Work request.
Repeat only the lines running from the beginning of the material through the line that contains "Jeep Wrangler Unlimited".

Records for this task.
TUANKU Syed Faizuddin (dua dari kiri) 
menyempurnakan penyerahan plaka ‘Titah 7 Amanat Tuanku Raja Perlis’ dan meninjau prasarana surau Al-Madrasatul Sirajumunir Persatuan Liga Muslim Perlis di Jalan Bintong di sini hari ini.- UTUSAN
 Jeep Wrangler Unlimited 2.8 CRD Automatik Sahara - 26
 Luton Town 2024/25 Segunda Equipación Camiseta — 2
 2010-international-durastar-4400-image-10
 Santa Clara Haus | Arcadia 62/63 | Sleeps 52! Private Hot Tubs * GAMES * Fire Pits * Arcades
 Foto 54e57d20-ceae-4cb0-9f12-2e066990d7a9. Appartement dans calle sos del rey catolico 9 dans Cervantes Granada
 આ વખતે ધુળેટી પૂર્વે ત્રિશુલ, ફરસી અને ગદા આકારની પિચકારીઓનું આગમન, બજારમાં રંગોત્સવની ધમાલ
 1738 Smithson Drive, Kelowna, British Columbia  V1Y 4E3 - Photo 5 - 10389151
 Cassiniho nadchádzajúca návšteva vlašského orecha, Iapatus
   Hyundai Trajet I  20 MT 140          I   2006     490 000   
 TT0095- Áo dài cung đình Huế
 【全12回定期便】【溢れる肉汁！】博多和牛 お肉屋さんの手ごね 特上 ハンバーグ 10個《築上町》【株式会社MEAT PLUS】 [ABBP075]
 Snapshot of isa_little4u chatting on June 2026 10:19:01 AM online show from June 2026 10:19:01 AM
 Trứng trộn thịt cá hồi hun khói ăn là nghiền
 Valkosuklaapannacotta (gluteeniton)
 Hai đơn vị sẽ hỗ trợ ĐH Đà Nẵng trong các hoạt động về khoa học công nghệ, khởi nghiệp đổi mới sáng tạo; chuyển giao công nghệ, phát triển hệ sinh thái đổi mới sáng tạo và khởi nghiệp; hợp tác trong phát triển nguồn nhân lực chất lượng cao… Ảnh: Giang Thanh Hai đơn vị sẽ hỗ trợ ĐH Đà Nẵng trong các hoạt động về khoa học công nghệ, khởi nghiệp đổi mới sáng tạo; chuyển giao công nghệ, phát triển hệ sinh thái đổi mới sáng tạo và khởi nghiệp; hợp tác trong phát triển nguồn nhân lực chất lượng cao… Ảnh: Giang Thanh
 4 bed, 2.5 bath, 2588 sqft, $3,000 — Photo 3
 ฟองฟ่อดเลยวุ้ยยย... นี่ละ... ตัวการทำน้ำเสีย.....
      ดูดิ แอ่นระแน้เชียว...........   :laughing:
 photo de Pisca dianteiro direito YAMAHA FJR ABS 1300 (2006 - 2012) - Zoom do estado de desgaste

Result for this exercise.
TUANKU Syed Faizuddin (dua dari kiri) 
menyempurnakan penyerahan plaka ‘Titah 7 Amanat Tuanku Raja Perlis’ dan meninjau prasarana surau Al-Madrasatul Sirajumunir Persatuan Liga Muslim Perlis di Jalan Bintong di sini hari ini.- UTUSAN
 Jeep Wrangler Unlimited 2.8 CRD Automatik Sahara - 26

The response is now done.